"Well," Buller whispered, "you see this man Browning hates all your shilly-shallying about; he thinks that when you fall in love, you ought to go your whole pile, even if you come a cropper after. It's all rot, of course, the Dean said; but poor Crabbe thought it was real, and went and proposed to a young woman he had met once or twice. So there he was, engaged! And he seemed to think himself the hell of a duke, the Dean said; but everyone else in Oxford thought he was making a bl—"
"Oh, Buller," Vaughan interposed, "really, you mustn't put such words into the Dean's mouth!"
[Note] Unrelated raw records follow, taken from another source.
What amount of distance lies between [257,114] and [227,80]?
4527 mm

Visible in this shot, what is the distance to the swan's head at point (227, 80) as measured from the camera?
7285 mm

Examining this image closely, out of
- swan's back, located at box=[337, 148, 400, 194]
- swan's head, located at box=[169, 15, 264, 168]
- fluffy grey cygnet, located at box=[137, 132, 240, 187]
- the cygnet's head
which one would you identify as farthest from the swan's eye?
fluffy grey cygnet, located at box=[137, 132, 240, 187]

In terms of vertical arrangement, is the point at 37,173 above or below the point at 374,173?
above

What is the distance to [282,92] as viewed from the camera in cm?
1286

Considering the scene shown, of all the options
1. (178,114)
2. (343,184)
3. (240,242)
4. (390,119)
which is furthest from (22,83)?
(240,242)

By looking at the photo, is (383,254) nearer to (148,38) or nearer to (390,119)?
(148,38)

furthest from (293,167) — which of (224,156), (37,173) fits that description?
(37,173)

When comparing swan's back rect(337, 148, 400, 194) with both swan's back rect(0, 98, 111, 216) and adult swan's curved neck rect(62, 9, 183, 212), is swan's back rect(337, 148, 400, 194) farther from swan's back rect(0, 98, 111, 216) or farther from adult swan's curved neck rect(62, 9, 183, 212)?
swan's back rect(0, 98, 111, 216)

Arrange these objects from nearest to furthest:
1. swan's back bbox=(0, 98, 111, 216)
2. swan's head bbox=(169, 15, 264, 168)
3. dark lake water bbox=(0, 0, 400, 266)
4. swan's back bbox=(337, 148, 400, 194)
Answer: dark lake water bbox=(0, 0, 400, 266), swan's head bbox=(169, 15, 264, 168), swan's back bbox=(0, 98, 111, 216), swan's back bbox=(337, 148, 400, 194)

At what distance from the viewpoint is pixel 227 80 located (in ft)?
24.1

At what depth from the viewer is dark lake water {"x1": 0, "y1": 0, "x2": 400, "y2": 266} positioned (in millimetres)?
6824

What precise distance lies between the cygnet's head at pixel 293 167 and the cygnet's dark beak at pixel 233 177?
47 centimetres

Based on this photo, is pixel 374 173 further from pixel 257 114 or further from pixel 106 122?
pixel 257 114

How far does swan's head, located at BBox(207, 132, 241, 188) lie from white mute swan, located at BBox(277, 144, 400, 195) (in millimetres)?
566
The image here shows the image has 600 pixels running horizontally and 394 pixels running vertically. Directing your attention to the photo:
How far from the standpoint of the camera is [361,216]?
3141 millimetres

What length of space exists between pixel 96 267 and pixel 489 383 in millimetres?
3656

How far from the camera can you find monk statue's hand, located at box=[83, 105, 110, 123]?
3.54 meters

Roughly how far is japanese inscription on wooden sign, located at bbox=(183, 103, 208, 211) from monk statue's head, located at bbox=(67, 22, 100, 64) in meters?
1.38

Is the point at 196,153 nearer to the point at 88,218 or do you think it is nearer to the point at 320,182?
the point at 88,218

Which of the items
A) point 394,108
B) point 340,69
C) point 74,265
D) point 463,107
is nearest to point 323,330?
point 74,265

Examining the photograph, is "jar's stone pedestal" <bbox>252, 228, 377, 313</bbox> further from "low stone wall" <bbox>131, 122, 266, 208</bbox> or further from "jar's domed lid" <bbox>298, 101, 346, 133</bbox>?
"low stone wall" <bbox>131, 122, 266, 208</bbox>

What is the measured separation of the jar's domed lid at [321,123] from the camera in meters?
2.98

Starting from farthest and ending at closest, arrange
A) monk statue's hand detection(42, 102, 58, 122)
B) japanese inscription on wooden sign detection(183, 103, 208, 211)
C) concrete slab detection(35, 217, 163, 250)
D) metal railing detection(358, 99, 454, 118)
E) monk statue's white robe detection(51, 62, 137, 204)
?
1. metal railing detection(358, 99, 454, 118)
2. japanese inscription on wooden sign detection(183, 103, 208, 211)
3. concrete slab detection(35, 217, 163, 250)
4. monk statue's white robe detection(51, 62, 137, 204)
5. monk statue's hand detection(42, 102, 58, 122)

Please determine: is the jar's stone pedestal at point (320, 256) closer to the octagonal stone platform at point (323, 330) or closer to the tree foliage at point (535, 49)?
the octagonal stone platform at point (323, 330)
"Well, I don't quite remember the old boy's lingo, but, at any rate, the Dean thought Crabbe was making a fool of himself. 'I think I can settle it,' says I to the Dean. 'I wish you would,' said the Dean; so off I go to Crabbe's rooms. He came in just as I got there; I wish you could have seen him—a frock-coat, top-hat, flower in his button-hole, his hair plastered down. And only last year, it was, that he got up as a Socialist, with a red silk handkerchief in his hat! But now he shook hands with me up in the air; was most affable and condescending; assured me he was glad to see his old pals—especially friends from London. Oxford people were very well in their way, but narrow, and rather donnish. Didn't I notice it in coming from London?
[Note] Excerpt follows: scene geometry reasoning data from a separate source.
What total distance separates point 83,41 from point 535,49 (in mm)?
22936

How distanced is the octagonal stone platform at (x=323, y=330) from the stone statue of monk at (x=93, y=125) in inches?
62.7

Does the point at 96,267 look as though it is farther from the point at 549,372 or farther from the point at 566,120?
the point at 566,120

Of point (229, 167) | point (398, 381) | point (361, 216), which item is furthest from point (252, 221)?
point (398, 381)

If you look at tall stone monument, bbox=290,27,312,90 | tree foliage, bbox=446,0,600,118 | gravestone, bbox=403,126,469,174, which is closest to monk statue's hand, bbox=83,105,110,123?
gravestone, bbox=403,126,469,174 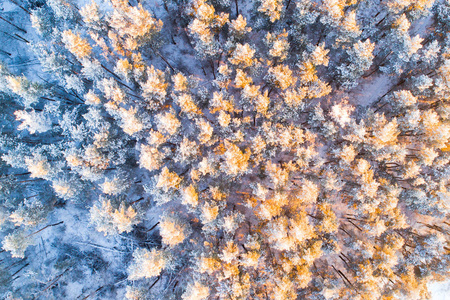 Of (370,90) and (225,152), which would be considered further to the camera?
(370,90)

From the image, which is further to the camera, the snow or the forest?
the snow

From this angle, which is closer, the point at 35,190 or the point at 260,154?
the point at 260,154

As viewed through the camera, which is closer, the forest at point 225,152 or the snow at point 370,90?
the forest at point 225,152

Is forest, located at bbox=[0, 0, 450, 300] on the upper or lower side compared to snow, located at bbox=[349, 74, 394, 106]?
lower

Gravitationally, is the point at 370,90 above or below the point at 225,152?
above

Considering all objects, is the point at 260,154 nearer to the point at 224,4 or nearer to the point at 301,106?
the point at 301,106

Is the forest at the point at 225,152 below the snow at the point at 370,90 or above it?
below

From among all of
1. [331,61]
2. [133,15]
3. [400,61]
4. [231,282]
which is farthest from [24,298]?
[400,61]

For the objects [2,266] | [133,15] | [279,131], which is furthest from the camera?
[2,266] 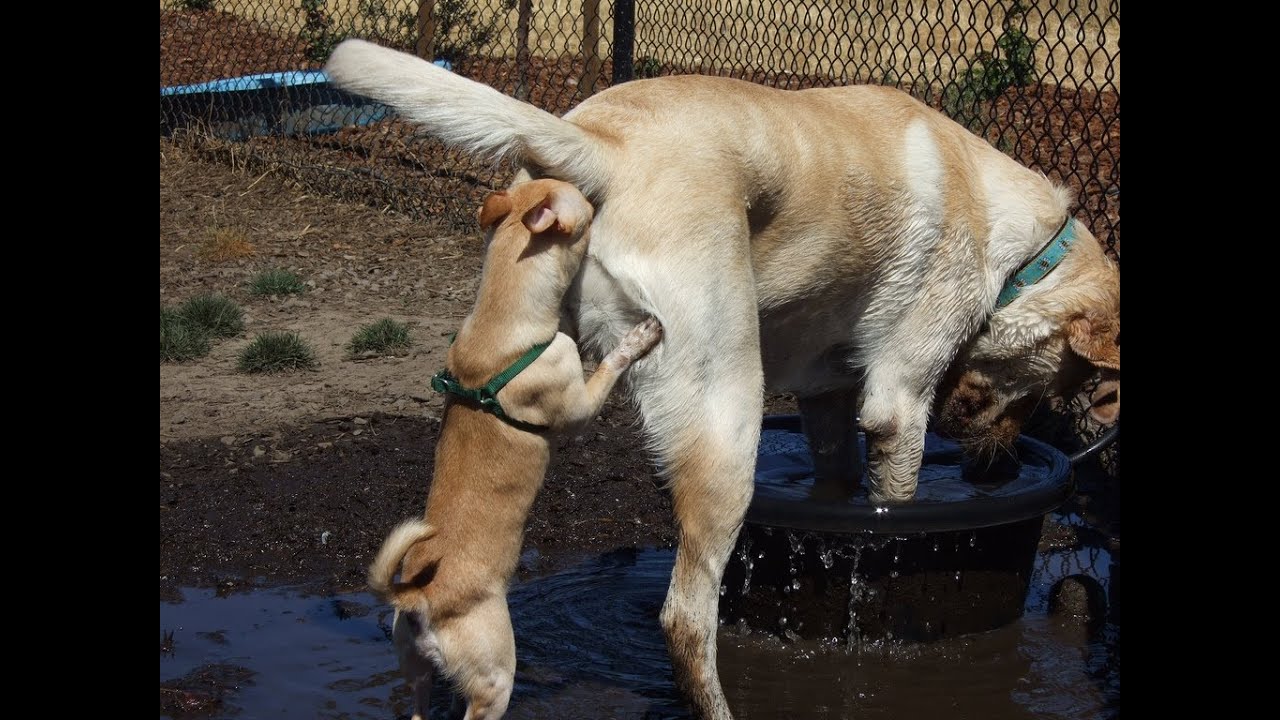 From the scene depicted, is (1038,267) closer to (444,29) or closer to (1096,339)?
(1096,339)

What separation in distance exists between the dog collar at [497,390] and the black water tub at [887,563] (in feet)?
3.96

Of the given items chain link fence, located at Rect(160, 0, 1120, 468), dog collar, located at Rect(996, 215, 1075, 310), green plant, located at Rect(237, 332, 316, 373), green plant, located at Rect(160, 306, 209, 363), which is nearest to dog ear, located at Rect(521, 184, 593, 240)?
dog collar, located at Rect(996, 215, 1075, 310)

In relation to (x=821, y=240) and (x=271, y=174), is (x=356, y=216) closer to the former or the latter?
(x=271, y=174)

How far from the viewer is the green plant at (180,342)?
7074mm

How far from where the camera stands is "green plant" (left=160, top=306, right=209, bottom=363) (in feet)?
23.2

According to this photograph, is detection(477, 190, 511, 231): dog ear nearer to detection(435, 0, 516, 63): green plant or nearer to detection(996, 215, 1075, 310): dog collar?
detection(996, 215, 1075, 310): dog collar

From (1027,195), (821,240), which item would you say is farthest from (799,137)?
(1027,195)

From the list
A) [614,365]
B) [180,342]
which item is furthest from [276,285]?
[614,365]

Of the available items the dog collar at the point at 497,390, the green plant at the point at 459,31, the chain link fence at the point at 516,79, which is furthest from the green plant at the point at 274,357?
the green plant at the point at 459,31

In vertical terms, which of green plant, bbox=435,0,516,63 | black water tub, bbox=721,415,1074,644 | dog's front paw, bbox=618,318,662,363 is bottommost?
black water tub, bbox=721,415,1074,644

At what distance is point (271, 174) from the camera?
11.1 metres

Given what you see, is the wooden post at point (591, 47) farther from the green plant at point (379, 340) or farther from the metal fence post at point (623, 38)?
the green plant at point (379, 340)

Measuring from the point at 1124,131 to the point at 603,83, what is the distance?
9893mm

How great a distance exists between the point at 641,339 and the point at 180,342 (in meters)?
4.52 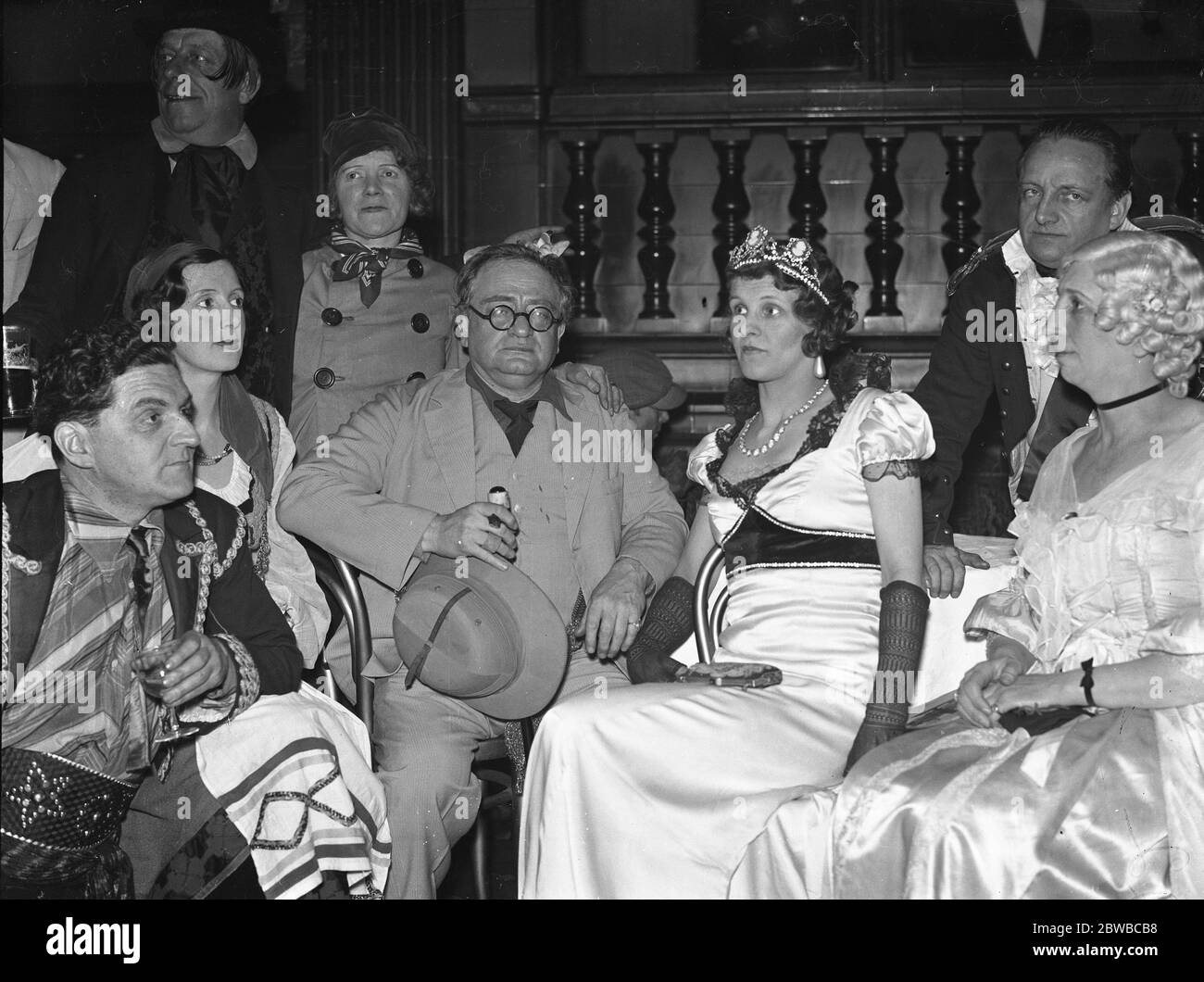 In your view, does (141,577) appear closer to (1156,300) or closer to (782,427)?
(782,427)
"Well, this was almost too much from Crabbe, but I thought it would be more sport to draw him out a bit. So we got to talking; I didn't let on I knew he was engaged, but after a bit I began to talk about marriage and love and all that in a general sort of way. Old Crabbe swallows it all, talks a lot of literary stuff. 'Fall in love, Buller,' says he, 'fall in love, and live! Let me read you what thing-a-majig says,' and he gets down a book—who did you say he was? Browning, yes, that's the man—he gets down a book of Browning's and begins to read—you ought to have seen him, his face got pink; and at the end he says, with a proud smile, as if the poem was all about him, 'Isn't that ripping, Buller, isn't that brave, isn't that the way to take life!'
"'Do you mind if I smoke?' said I.
"'Smoke? Oh, do certainly,' and Crabbe sits down looking rather foolish. But after a moment, he says in an easy sort of way, 'Ah, I meant to ask you about all the chaps in London—getting on all right? any of them married?'
"'Married!' says I, 'O Lord, no; they don't want to dish themselves.'
"'Dish themselves,' says Crabbe, 'why, what do you mean?'
"'I mean what I say; if you get married without any money, you're dished, that's all—I mean practical people, who want to get on.'
"Then Crabbe began to talk big; one shouldn't care only for success—it might be practical, perhaps, but he did not mean to sacrifice the greatest thing in life for money.